# BMW Roadside Assistance vs. AAA



## mde83 (May 16, 2005)

So I have a 2016 X3. Being new it has BMW Roadside Assistance for the entire 3 years I will have the vehicle until I lease my next BMW is early 2019. I have 2 other vehicles as well, both of which are covered by their manufacturer's roadside assistance plans while under warranty (Dodge and GM).

I really am not into the whole AAA trip planning services. But beyond that, is there any compelling reason to keep my AAA membership that will be expiring, or just let it expire and rely on BMW Roadside Assistance.

With the RFT's, etc., if I have a breakdown, I just do not want to be left on the side of the road for hours or have to have my BMW towed to the nearest dealer (5 miles from me) as opposed to MY dealer (25 miles from me). With AAA I have always been impressed with their response times and willingness to work with me on where the car gets towed.

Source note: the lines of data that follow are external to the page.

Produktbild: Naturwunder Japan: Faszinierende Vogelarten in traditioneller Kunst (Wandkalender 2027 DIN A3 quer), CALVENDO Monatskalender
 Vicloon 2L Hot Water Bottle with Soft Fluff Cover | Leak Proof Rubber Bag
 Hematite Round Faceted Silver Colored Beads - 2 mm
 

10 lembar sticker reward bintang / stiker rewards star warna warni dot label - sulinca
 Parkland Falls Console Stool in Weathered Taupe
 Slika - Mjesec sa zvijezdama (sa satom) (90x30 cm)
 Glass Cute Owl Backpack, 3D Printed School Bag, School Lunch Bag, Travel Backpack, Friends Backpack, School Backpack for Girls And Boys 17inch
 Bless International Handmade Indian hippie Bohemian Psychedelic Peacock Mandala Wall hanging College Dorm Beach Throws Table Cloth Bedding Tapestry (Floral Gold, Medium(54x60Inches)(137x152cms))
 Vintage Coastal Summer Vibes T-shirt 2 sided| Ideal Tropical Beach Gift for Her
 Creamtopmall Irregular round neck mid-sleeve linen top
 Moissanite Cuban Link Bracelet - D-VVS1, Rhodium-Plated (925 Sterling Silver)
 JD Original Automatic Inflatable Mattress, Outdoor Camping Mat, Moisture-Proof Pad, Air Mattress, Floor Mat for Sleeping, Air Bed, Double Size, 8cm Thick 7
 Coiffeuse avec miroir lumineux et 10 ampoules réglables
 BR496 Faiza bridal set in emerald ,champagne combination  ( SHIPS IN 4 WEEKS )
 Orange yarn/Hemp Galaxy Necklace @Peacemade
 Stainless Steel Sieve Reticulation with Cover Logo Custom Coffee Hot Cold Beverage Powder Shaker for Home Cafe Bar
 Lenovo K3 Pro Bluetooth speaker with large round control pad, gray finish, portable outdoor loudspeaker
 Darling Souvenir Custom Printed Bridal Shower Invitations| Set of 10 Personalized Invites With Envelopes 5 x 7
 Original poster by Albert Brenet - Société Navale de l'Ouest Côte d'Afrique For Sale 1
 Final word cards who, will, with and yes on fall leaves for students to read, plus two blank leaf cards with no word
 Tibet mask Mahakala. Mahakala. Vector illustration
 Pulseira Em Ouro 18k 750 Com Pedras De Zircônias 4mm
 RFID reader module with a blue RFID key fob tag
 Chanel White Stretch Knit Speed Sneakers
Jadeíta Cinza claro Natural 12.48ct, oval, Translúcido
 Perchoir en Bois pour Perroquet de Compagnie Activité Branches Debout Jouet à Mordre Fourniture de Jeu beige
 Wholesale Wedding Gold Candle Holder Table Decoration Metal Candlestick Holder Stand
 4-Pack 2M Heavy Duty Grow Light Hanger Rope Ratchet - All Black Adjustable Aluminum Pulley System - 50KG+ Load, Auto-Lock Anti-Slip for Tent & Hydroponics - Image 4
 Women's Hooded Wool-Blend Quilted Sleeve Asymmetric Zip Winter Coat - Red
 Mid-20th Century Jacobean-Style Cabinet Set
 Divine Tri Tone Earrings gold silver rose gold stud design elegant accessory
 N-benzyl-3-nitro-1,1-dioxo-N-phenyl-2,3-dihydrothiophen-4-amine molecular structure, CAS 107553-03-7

Not sure about BMW Roadside Assistance and their response times, etc...

Thoughts?


----------



## Totirid (Jan 20, 2016)

I find with the amount of traveling I do, the annual AAA membership cost is more than offset by the discounts I receive in hotel rate reductions. I've not ever used the BMW plan.


----------



## Doug Huffman (Apr 25, 2015)

We just let our AAA go for fear of getting a tow-hook rather than a tilt-bed. We will do what is necessary to keep the BMW with BMW-knowledgeable folks.


----------



## Wgosma (Sep 28, 2009)

Doug: I've owned (older) BMW's for 14 years and have had to use AAA 5-6 times- always request a flatbed and always got one....two of the treks were over 70 miles. Works for me, worth 80 bucks a year....plus I save a nickel on hotel rooms too.


----------



## mde83 (May 16, 2005)

Thanks for the replies folks. I do not do a great deal of traveling outside of central Florida where I live. And when I do it is on the company's dime. I think what I was wondering more than anything else, is has anyone noticed a difference in response times between AAA and BMW RA? I have always had good luck with AAA showing up within 30 minutes of me calling them. I have never used BMW RA. I just would not want to be on the side of the road for 3 hours waiting for BMW RA and wishing I had never cancelled my AAA membership....


----------